## TASK BRIEF
With the pictures set aside, reproduce each entry precisely as it reads.

## DATA EXCERPTS

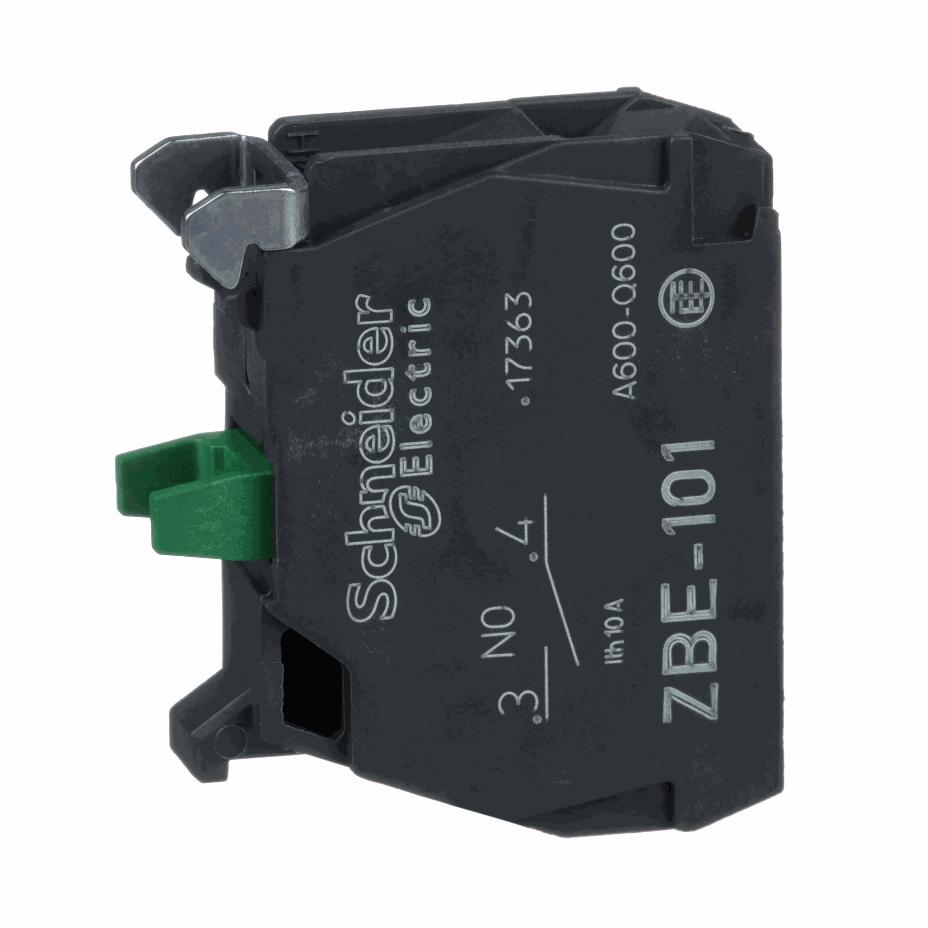 Schneider Electric - Single contact block, silver alloy, screw clamp terminal, 1 NO - ZBE101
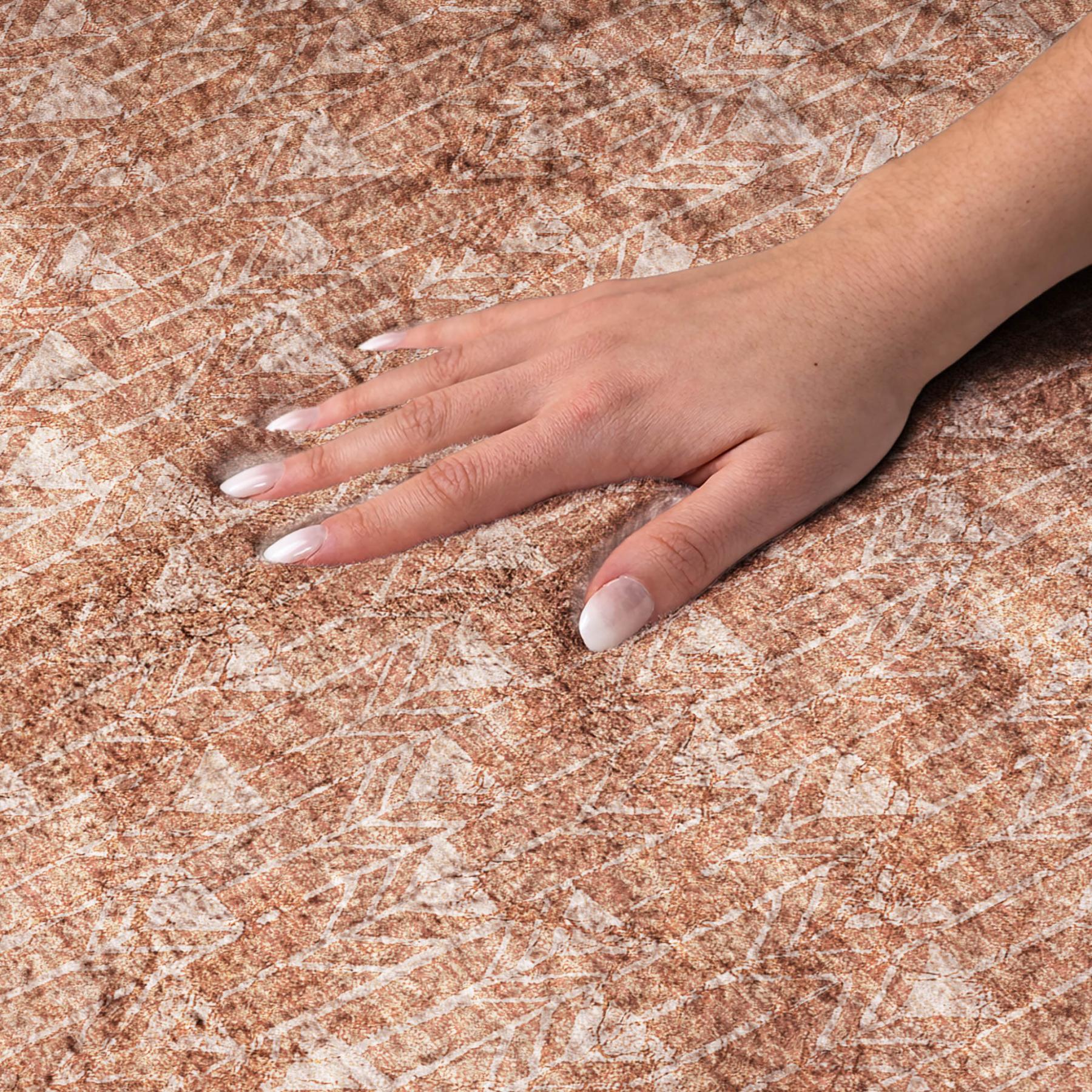 10' X 14' Terra Cotta And Beige Geometric Shag Washable Area Rug With UV Protection - Home & Garden
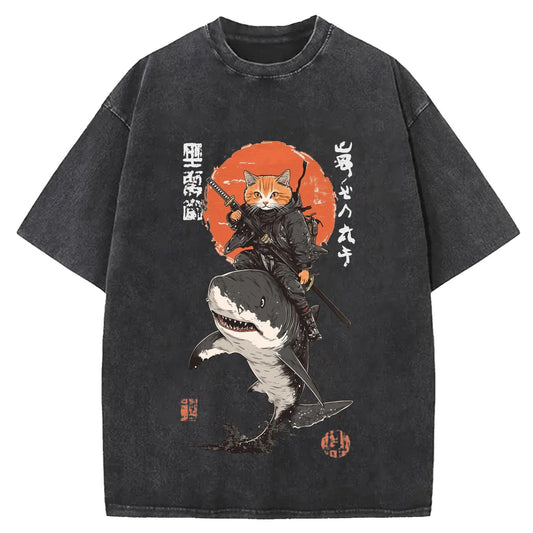 Japanese Frog Samurai Round Neck Washed T-Shirt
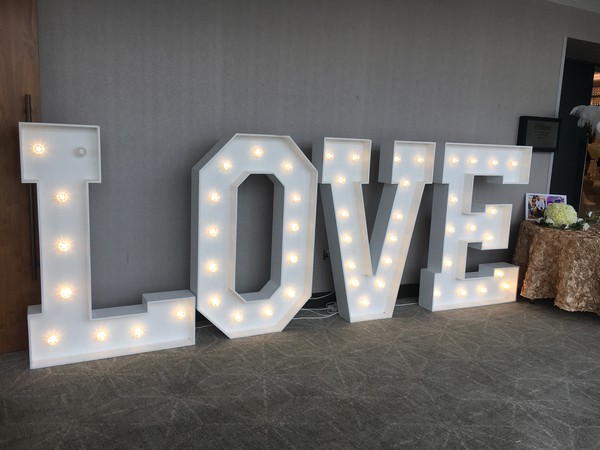 Illuminated "Love" sign
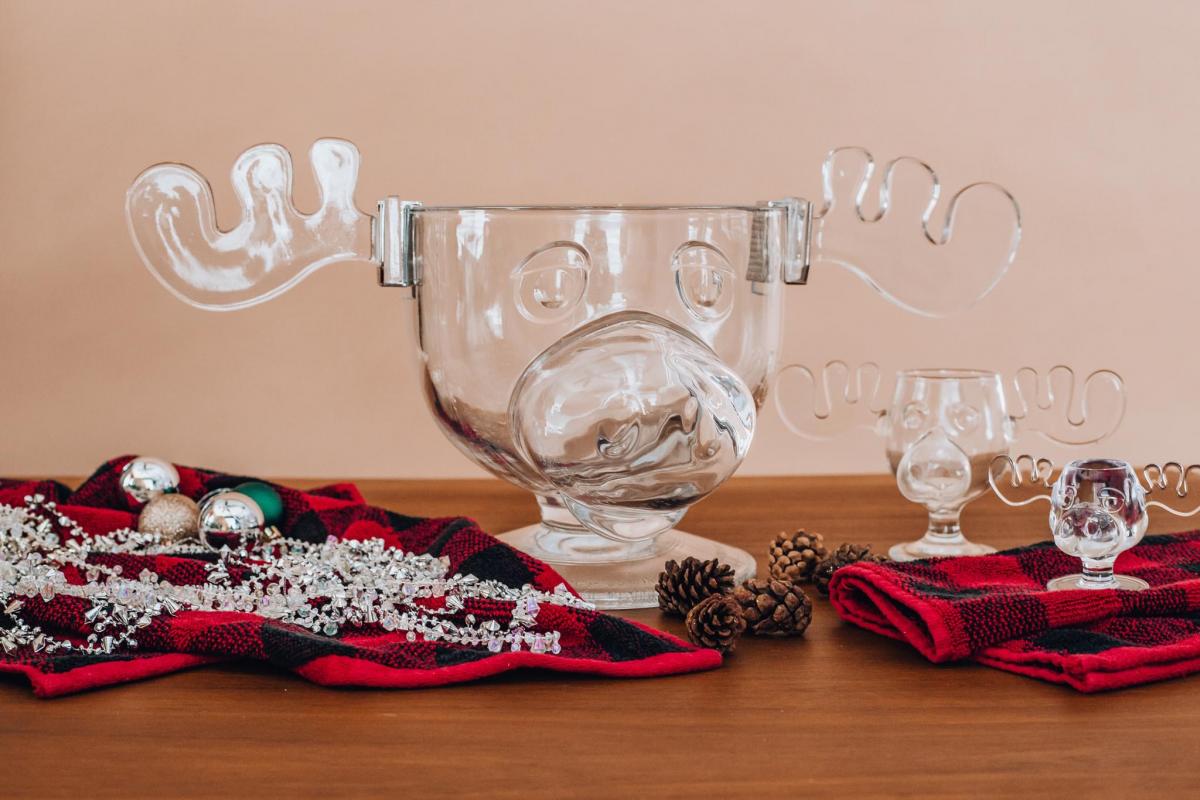 Christmas Vacation Glass Moose Punch Bowl picture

## WRITTEN SOLUTION
 Schneider Electric - Single contact block, silver alloy, screw clamp terminal, 1 NO - ZBE101
 10' X 14' Terra Cotta And Beige Geometric Shag Washable Area Rug With UV Protection - Home & Garden
 Japanese Frog Samurai Round Neck Washed T-Shirt
 Illuminated "Love" sign
 Christmas Vacation Glass Moose Punch Bowl picture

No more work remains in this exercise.